Nemi: il lago, il museo delle navi romane e altro da non perdere cosa visitare a nemi  nemi castelli romani lago di nemi roma

Il lago di Nemi è di origine vulcanica e in passato era il posto preferito dai romani per passare il loro tempo libero. Oggi è totalmente balneabile fatta eccezione per la zona vicina al museo delle navi. Il lago si trova vicino a un bosco che in passato era utilizzato per adorare la dea Diana, Nemi infatti deriva da dal Nemus Dianae. Intorno a questo lago c’è una leggenda riguardo a due navi gigantesche contenente un tesoro e nascoste nel fondale del lago. La verità è che queste navi esistono e furono fatte costruire dall’imperatore Caligola in onore della dea Diana e  Iside dea egizia. Venivano utilizzate come palazzi galleggianti, grandi e sfarzosi. Alla sua morte il Senato di Roma distrusse tutte le sue opere tra cui le navi che affondarono nel lago.

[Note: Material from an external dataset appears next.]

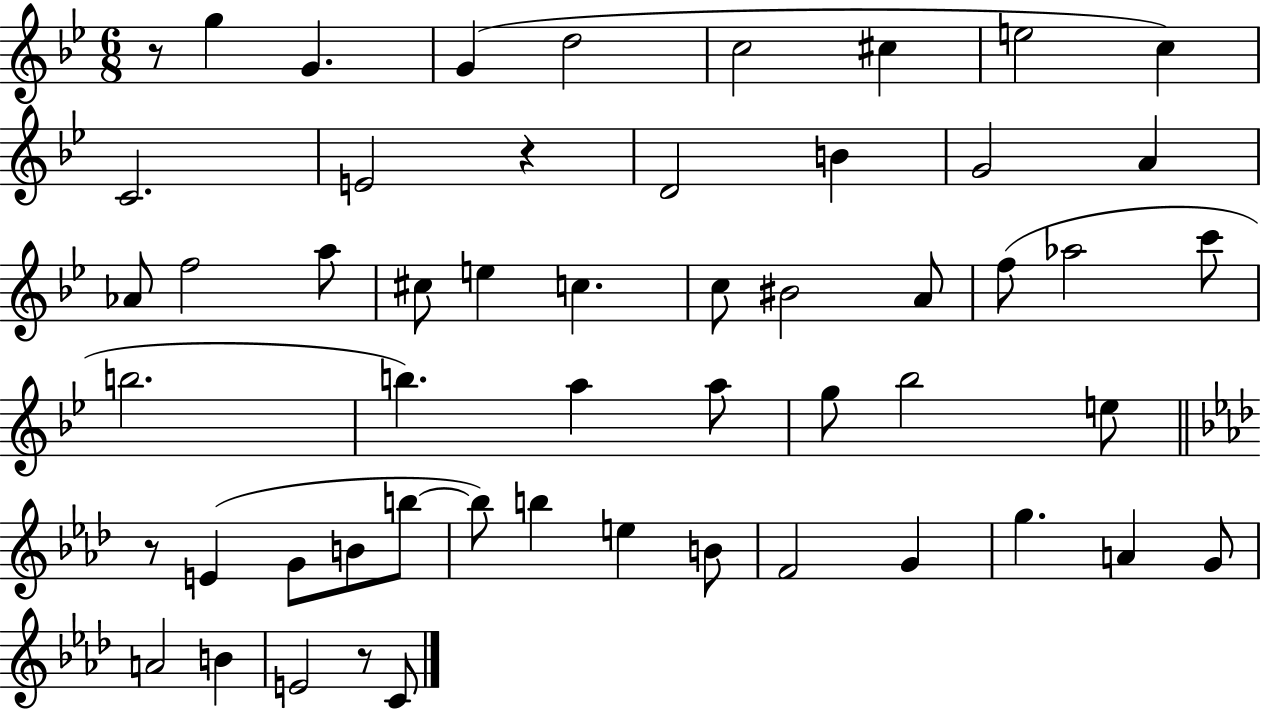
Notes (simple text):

R/e G5/q G4/q. G4/q D5/h C5/h C#5/q E5/h C5/q C4/h. E4/h R/q D4/h B4/q G4/h A4/q Ab4/e F5/h A5/e C#5/e E5/q C5/q. C5/e BIS4/h A4/e F5/e Ab5/h C6/e B5/h. B5/q. A5/q A5/e G5/e Bb5/h E5/e R/e E4/q G4/e B4/e B5/e B5/e B5/q E5/q B4/e F4/h G4/q G5/q. A4/q G4/e A4/h B4/q E4/h R/e C4/e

Successivamente tra il 1929 e il 1930 il lago di Nemi fu svuotato parzialmente e le due navi furono recuperate e fu creato il Museo delle Navi Romane di Nemi per contenere questi tesori. Le navi sono lunghe 71,30 x 20 metri e 73 x 24 metri e il museo fu realizzato dall’Architetto Morpurgo appositamente per contenerle e valorizzarle. Il museo fu distrutto in un incendio nel 1944 e poi riaperto di nuovo nel 1988 con un frammento di opus sectile, un antico mosaico molto prezioso.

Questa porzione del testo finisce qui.